Formados em 2013 em Campinas, no estado de São Paulo, os Francisco, el Hombre partiram de uma vontade concreta dos irmãos Sebastian e Mateo Piracés-Ugarte, nascidos no México mas naturalizados brasileiros há mais de uma década. E essa vontade, partilhada com Juliana Strassacapa, Andrei Martinez Kozyreff e Rafael Gomes, mais do que musical, era “uma vontade de viajar”. É isso que Mateo (voz e violão) e Rafael (baixo) contam ao PÚBLICO antes da arrasadora actuação do grupo na segunda noite do Festival Med, em Loulé. “Juntámo-nos os cinco querendo viajar pela América Latina e começámos a criar um reportório de músicas nossas enquanto tocávamos na rua, criando uma agenda de shows do Brasil até ao Chile.”

De início, portanto, enfiados num carro onde mal cabiam eles, os instrumentos e os pouco pertences que levavam para a estrada, tocavam para pagar a noite num hostel ou para financiar a refeição seguinte. E devido a essa necessidade imperativa de se fazerem notar para atraírem alguma generosidade, esta natureza de banda de rua foi-se sintonizando também numa ideia de espectáculo participativo que queria parar quem passava e cativar o suficiente para venderem discos ou recolherem um donativo. “Pouco a pouco”, lembra Mateo, “a gente foi formando um espectáculo, o público foi crescendo e começámos a subir da rua para os palcos. Virou banda, virou carreira”.
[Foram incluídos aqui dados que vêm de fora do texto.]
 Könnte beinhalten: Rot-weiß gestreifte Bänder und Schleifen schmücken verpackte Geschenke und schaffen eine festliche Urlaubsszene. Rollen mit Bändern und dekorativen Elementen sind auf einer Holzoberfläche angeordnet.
Enquanto levavam incansavelmente, uma e outra vez, a sua música em digressões pela América Latina, foram-se deixando contaminar pelas várias paragens. “A estrada é absorver”, justifica Mateo. “E quando a gente vai tocar para o Nordeste do Brasil, volta outra pessoa; o mesmo acontece quando vamos tocar nos botecos de trova do Chile. Pouco a pouco, mais do que cantar sobre isso, acabámos sendo essa viagem latino-americana.” A ideia de trânsito entre várias povoações alimentada pela partilha das suas canções justificaria também, inevitavelmente, o nome da banda: Francisco, el Homem inspira-se numa “personagem do folclore colombiano que ligava cidades através da música”, que a banda descobriu adaptada nas páginas de Cem Anos de Solidão, romance de Gabriel García Márquez.

Com essa natureza latino-americana de tal forma impressa na sua música, para o segundo álbum do grupo, Rasgacabeza, editado em 2019, quiseram dispensar as temáticas mais directamente ligadas à região, “sem necessitar de cantar pela pan-América ou pelo bolivarianismo”, antes se inspirando na pressão das metrópoles do continente e nessa característica comum que é “o negócio de se jogar, do swing, de falar e olhar no olho, de se entregar”. Tudo isto inunda o conteúdo musical de Rasgacabeza, deslocando o discurso do tom mais politizado da estreia, Soltasbruxa (2016), para “coisas que afectam a gente no dia-a-dia num campo um pouco mais íntimo”. E é assim que encontramos um Parafuso solto que se debruça sobre formas de lidar com a depressão ou um O tempo é sua morada que aborda o luto a partir da experiência do grupo no México. Apeadeiros menos óbvios para esta viagem que agora começa a chegar e a conquistar Portugal.